Obchody marca w błocie i kurzu
– Czuję się opluta i sponiewierana, patrząc na otoczenie. Można było przecież uprzątnąć. Tylko jeden dzień w roku się tu spotykamy – grzmiała Gołda Tencer, założycielka fundacji Shalom, organizatorka uroczystości przy Dworcu Gdańskim w 43. rocznicę antysemickich wydarzeń Marca'68.
Wczoraj u jej stóp rozlewała się śmierdząca breja błota z pobliskiej budowy.
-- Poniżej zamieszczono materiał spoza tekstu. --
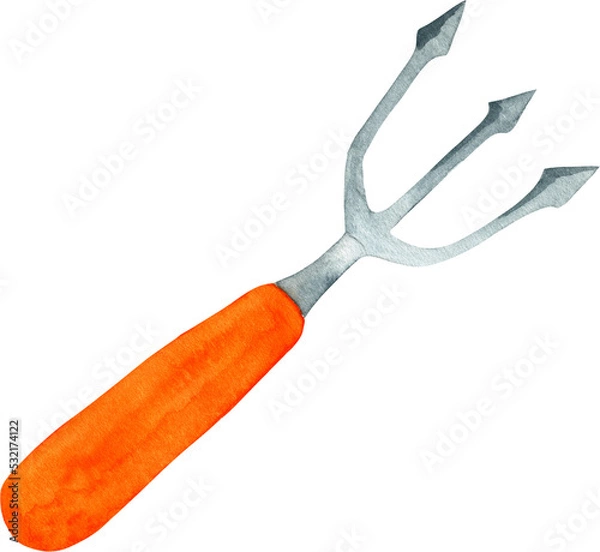 Obraz Watercolor garden fork with orange handle isolated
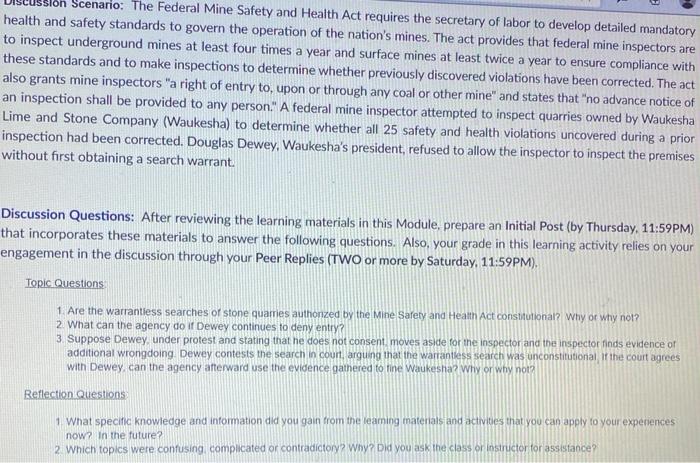 Scenario: The Federal Mine Safety and Health Act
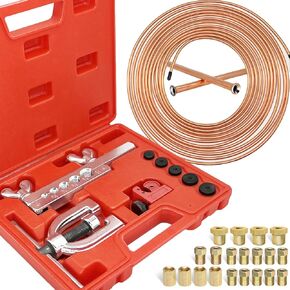 AOFCRELI Brake Line Flaring Tool Kit with 3/16" X 25' Brake Line Kit Includes Copper Coated Brake Line Tube, Tube Cutter, Fittings and Yoke for Double & Single Flares
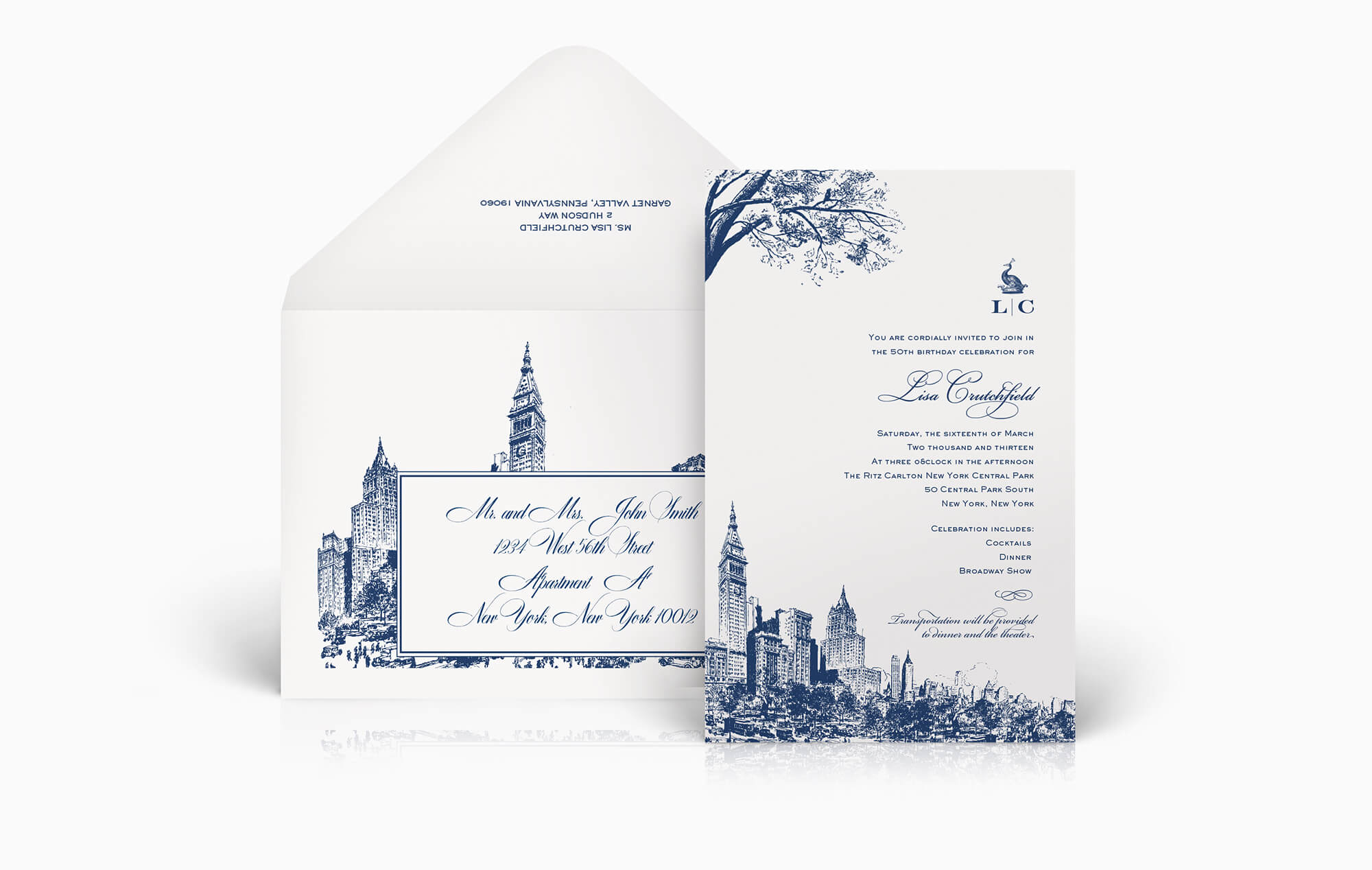 New York inspired invitation and envelope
Gdy Gołda Tencer przemawiała, w środek zebranych pod pamiątkową tablicą wjeżdżał powoli samochód ciężarowy z pobliskiej budowy firmy Torim.
Jan Telecki z Zakładu Linii Kolejowych powiedział, że nikt z organizatorów nie poinformował ich o uroczystości. – Jest budowa i szkoda, że nie wiedzieliśmy o tych obchodach.
Pierwszy pod pamiątkową tablicą na ścianie dworca, która przypomina o przymusowym wyjeździe Żydów w 1968 r., był Roman Antonowicz z Towarzystwa Społeczno-Kulturalnego Żydów. – Wyglądem i zapachem to jest tu gorzej od slamsów – pokazywał błoto.
– Z moich najbliższych kolegów i koleżanek odjechały wtedy trzy osoby. Po tylu latach tamte wydarzenia się zacierają, nawet ich nazwisk nie pamiętam, tylko imiona. Była ogromna podejrzliwość w naszej klasie. Przyszedłem spotkać się ze znajomymi. Jeden wrócił po latach, reszta żyje za granicą. Tamte czasy były złe – dodał.